It was as if, hidden beneath the floorboards of our meticulously constructed yet still tenuous shelter, the carcass of some dead mammal sat decomposing in a riot of flies, maggots, and brainy juice, out of sight of casual onlookers, threatening to undermine with its rot whatever foundation might have been established above.
How could I tell something was wrong?
Easy.
After every true comment I made, a snide, mocking tone emerged from the false commenters in response, first from just one, then from another, and then commenter after commenter began chortling at my (correction: our) earnest striving toward a better tomorrow, as if I/we were a kind of amusing mascot rather than a sage.
Being a sensitive sort, as well as a seasoned hand at online discussion, I did not simply “let it go,” as I have often been advised to do.

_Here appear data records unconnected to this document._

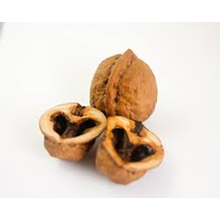 Load image into Gallery viewer, Roasted Walnut Oil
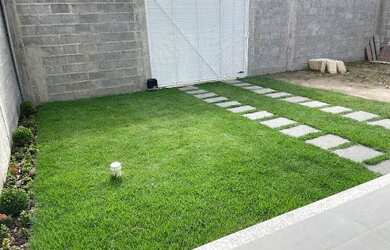 Imagem 8: Casa com 2 dormitórios à venda, 143 m² por R$ 650.000,00 - Balneário...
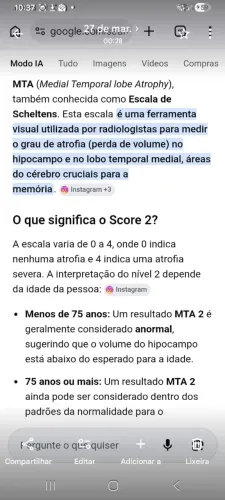 Desapego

Oh, yes, how many times have I been told to ignore my feelings, bottle them up, and simply skip on down the path to another web community.
I can even hear you now — “Web community? What about life away from the computer? A family? A garden? Go for a walk! Ride a bike! Get away from the screen!”
You can never know it, but how cruel such remarks are to me.
You see, I cannot.
There are reasons, even those besides the fact that when I do journey to different web communities I feel — no, I know! — that the impetuous twerp Chris Novtalis is on Charlico.com/blog working away to undo all of my efforts.
He’s fanning the flames of rumor, innuendo, and, yes, a legal term is necessary: defamation.
He wouldn’t have an online community — a reason to live? — if it weren’t for me, but he goes on day after day taunting me.
He deploys the letters of my name in muddled anagrammical jibes at my character, he reworks my carefully wrought language in pathetic efforts to take credit for my ideas, and then, of course, he makes direct attacks on my good name and character.
Chris, this peasant of a man, telling his vast and undeserved audience that I am “psychotic” and “boring” and “not even a part of the wedding.”
Boring! Is that a capital offense now?
God forbid I would bore such a fertile mind as that bloodsucker has!
Boring!
From such a racist, sexist, classist, ageist Neanderthal I suppose I should see that as a compliment!
But, alas, I cannot.
I see it for what it is: a base and degrading insult from an inferior.
Do you want to know what happens when I try to “move on,” as you suggest?
Do you?
Well, I’ll tell you.
I get heart palpitations.
I get night sweats.
I’m sure I run a fever (though I haven’t confirmed due to a childhood trauma involving thermometers).
A heavy, static-filled succubus sits on my neck, jams its arm down my throat, and stops up my breath until I force myself to go to the computer to see what vile filth is cascading down the corridors of the internet unchecked while I’ve been away.
And every time, I find that I am right! There it is! It is ALWAYS there — and worse than I imagined!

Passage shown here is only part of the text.